Japanese HR Company Recruit has agreed to buy Glassdoor for $1.2 billion. With 59 million monthly members, Glassdoor will accelerate growth into international markets.   The deal with HR Company “Recruit” is expected to close in September 2018. Recruit also own the jobs employment website “Indeed.”

Glassdoor runs the second-largest job website in the U.S. Haitong International Japaninvest KK analyst Yushi Kawamoto mentions that Recruit has paid 7 times earnings, which was a sweet spot in the deal.
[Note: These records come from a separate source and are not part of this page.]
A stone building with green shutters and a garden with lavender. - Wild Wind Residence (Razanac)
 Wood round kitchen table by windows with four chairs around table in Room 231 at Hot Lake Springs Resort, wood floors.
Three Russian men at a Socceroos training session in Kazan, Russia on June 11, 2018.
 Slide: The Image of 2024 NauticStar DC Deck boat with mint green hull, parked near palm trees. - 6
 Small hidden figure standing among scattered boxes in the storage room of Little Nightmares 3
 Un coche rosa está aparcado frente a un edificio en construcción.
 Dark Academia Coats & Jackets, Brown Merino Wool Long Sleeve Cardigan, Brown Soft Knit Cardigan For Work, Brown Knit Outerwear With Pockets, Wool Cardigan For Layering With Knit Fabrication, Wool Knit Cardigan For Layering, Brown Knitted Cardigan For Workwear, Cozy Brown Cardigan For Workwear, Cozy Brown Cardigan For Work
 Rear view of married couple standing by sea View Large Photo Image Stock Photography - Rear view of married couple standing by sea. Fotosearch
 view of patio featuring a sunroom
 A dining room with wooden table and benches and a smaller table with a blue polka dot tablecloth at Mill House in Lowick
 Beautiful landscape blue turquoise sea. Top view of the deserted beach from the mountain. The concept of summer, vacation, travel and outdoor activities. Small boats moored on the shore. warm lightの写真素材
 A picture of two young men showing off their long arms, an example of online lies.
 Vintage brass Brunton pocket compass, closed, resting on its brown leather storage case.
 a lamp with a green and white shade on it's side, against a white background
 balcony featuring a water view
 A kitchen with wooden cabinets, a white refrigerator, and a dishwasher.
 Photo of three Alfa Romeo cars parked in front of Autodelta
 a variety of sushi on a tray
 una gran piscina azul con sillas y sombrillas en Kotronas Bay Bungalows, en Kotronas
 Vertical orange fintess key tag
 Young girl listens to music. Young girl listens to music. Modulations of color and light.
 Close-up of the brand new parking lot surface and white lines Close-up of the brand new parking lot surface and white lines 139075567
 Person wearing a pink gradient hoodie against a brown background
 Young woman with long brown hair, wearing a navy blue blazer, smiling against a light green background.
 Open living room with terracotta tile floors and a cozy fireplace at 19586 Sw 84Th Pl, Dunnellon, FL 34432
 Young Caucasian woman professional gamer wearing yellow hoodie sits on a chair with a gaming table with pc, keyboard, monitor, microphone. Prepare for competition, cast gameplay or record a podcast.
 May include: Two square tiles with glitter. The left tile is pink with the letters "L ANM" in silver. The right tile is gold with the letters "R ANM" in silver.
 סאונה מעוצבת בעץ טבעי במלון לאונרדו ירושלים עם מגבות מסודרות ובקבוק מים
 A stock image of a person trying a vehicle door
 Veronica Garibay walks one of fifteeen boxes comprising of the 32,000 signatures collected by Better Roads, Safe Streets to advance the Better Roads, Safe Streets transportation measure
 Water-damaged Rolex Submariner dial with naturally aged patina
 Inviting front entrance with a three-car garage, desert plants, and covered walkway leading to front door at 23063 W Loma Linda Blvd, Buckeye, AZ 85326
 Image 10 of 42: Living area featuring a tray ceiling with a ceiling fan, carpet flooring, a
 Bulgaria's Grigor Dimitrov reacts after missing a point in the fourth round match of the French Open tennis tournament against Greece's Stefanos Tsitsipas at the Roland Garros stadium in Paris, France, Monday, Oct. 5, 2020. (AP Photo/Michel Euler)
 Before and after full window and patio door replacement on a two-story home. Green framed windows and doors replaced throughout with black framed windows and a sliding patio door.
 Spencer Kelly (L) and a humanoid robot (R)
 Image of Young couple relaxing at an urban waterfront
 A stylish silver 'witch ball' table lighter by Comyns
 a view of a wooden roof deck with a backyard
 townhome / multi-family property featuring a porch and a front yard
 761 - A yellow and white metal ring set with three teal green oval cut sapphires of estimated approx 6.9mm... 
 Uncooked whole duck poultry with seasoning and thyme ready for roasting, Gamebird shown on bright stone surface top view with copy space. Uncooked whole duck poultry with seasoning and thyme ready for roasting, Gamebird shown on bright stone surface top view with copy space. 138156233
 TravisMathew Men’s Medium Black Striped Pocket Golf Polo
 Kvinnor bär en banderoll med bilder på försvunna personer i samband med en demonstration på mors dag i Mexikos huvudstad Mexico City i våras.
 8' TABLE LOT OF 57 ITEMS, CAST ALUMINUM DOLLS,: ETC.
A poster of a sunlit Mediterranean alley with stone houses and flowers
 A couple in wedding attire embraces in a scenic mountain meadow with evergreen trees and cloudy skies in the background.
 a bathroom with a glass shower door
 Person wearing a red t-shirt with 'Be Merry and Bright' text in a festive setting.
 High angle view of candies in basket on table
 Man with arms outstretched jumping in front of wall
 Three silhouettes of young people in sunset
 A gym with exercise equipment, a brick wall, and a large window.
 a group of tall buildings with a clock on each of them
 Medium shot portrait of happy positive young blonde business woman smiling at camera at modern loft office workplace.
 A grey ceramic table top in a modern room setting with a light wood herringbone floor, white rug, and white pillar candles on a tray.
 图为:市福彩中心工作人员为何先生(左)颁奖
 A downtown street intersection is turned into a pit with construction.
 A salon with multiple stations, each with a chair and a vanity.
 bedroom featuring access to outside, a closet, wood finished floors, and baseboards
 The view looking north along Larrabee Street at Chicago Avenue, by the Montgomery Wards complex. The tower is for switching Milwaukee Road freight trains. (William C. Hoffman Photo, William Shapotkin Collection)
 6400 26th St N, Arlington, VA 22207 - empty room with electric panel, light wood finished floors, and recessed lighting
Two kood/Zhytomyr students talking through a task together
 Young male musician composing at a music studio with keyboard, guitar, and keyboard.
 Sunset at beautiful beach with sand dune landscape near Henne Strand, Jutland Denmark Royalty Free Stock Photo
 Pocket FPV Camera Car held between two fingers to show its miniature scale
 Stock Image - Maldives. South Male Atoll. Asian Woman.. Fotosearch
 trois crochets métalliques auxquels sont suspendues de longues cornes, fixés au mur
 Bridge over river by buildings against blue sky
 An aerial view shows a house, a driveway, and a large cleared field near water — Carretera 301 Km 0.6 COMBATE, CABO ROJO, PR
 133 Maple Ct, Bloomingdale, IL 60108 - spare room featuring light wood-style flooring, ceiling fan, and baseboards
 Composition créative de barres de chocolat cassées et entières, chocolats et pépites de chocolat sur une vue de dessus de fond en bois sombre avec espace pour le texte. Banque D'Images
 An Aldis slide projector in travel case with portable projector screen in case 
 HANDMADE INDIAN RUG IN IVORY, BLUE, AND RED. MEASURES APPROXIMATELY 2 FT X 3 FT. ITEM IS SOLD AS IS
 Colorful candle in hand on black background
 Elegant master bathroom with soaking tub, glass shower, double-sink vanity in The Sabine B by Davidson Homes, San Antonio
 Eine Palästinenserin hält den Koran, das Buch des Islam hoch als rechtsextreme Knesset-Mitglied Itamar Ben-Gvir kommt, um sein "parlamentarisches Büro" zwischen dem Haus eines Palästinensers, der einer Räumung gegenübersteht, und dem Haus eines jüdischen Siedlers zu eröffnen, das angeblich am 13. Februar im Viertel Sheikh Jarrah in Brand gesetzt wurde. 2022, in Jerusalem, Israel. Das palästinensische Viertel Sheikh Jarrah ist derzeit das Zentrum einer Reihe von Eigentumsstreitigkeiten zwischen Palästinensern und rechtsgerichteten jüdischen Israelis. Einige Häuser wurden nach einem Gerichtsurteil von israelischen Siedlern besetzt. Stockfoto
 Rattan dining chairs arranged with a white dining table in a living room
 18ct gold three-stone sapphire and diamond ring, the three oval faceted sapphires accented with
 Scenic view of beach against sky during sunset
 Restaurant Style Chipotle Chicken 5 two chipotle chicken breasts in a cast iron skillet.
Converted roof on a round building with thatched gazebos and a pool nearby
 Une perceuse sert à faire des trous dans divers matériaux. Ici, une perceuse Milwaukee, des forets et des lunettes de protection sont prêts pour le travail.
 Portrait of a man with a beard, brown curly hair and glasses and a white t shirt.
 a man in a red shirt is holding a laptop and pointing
Two years ago, the company was valued at $860 million. Decisions will be made if the company will go public to raise more money. Could an IPO on the horizon for Glassdoor? Sutter Hill Ventures, Battery Ventures, and Benchmark were early investors in Glassdoor.

Job seekers look to reviews about the companies they are applying to gain feedback and insight on a company’s culture, salary and interview styles. Glassdoor allows people to stay anonymous when posting a review about their job experience at a company they work for or previously worked for. People can give reviews as to what management can do to improve from an employee’s point of view when they have worked at a company.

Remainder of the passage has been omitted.